Task directions> Lines from the one containing "We're going to look" through the end of the listing are what is wanted, given again exactly with both ends included and pictures left out.

Exercise data>
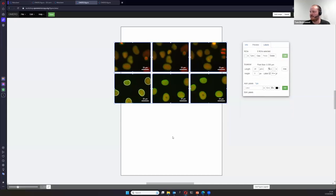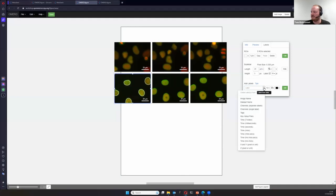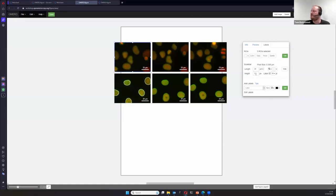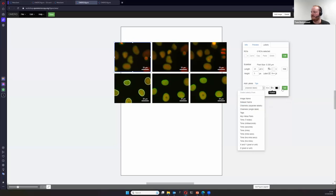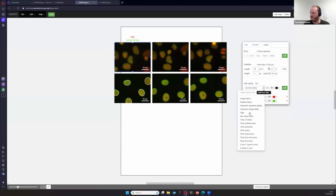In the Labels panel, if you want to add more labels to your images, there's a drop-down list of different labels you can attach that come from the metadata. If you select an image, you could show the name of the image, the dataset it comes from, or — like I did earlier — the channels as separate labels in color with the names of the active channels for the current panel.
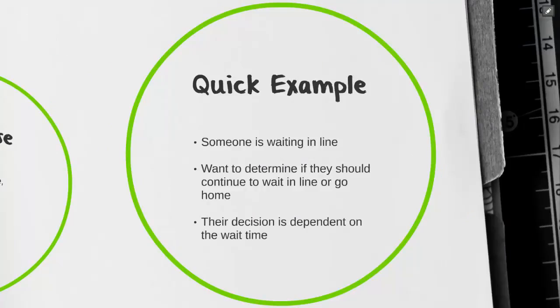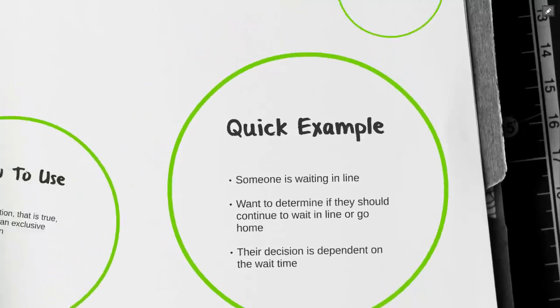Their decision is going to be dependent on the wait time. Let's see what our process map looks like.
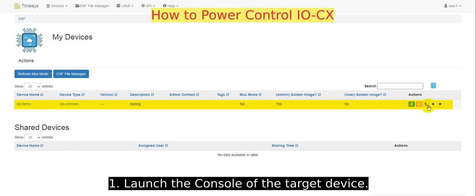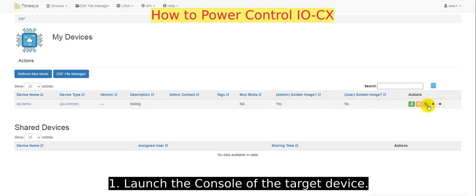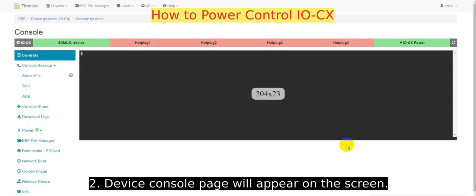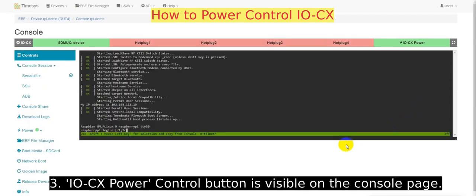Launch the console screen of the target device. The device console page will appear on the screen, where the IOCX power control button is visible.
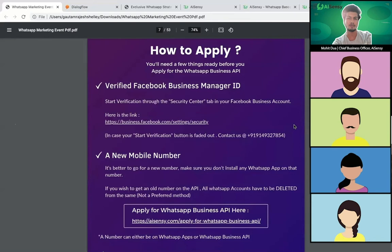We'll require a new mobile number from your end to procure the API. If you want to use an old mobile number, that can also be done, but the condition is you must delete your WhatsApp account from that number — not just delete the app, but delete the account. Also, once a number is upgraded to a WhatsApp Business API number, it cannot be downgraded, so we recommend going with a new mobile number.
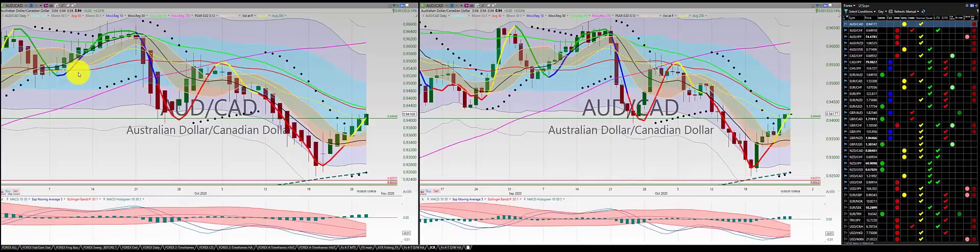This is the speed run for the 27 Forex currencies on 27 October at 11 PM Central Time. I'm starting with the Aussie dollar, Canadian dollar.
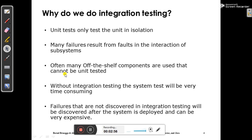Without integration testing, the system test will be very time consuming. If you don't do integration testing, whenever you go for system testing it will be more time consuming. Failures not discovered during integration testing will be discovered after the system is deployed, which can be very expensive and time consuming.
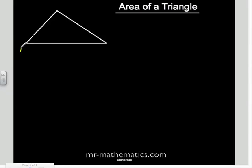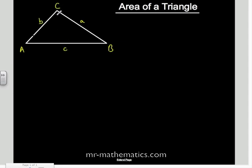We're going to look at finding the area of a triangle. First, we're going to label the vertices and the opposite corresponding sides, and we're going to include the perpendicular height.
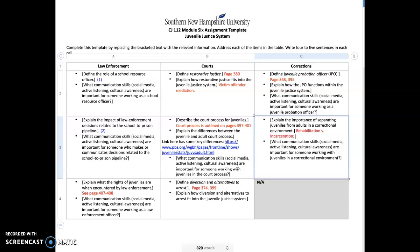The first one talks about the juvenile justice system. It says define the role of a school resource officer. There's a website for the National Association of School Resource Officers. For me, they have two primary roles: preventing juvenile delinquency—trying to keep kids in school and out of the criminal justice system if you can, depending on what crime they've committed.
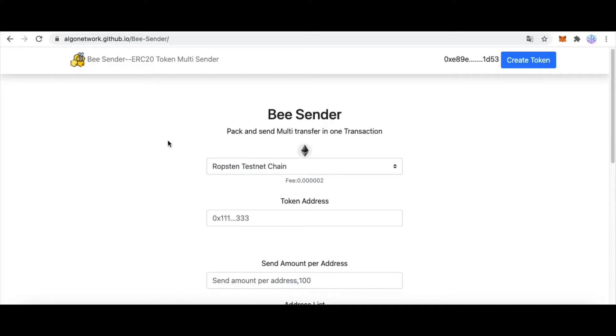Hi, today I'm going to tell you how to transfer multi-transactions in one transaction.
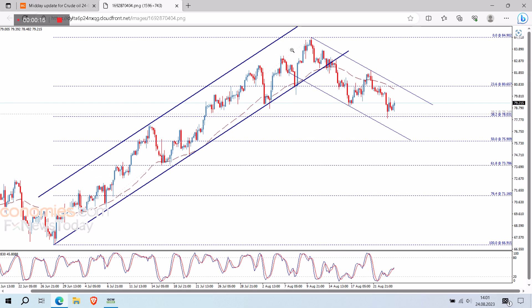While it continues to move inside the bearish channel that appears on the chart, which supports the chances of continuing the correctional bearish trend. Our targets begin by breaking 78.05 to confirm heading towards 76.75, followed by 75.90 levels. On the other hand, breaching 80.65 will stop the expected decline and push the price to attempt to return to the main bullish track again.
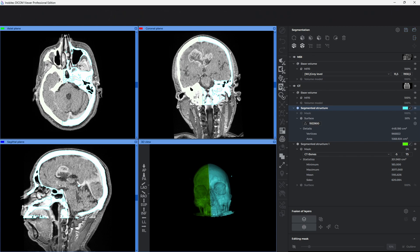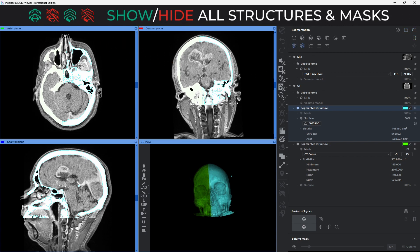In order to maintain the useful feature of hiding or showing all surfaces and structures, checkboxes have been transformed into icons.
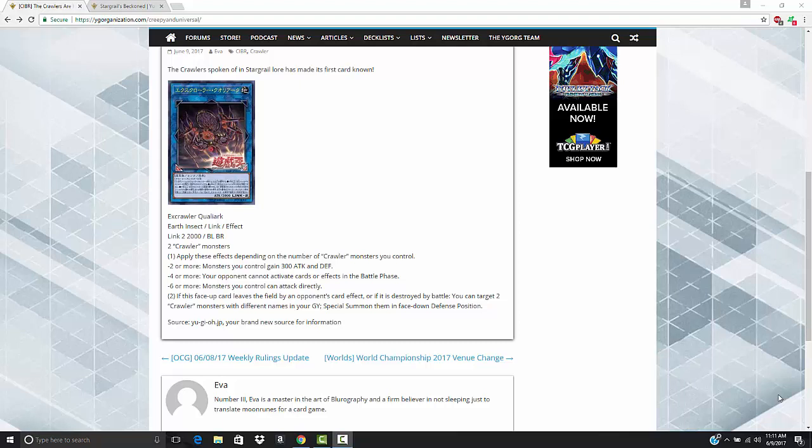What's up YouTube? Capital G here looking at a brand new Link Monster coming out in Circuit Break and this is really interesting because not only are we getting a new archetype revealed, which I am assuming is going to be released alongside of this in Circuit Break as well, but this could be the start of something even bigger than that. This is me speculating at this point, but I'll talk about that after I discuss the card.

Response box>
We're going to look at finding the area of a triangle. First, we're going to label the vertices and the opposite corresponding sides, and we're going to include the perpendicular height.
The first one talks about the juvenile justice system. It says define the role of a school resource officer. There's a website for the National Association of School Resource Officers. For me, they have two primary roles: preventing juvenile delinquency—trying to keep kids in school and out of the criminal justice system if you can, depending on what crime they've committed.
Hi, today I'm going to tell you how to transfer multi-transactions in one transaction.
While it continues to move inside the bearish channel that appears on the chart, which supports the chances of continuing the correctional bearish trend. Our targets begin by breaking 78.05 to confirm heading towards 76.75, followed by 75.90 levels. On the other hand, breaching 80.65 will stop the expected decline and push the price to attempt to return to the main bullish track again.
In order to maintain the useful feature of hiding or showing all surfaces and structures, checkboxes have been transformed into icons.
What's up YouTube? Capital G here looking at a brand new Link Monster coming out in Circuit Break and this is really interesting because not only are we getting a new archetype revealed, which I am assuming is going to be released alongside of this in Circuit Break as well, but this could be the start of something even bigger than that. This is me speculating at this point, but I'll talk about that after I discuss the card.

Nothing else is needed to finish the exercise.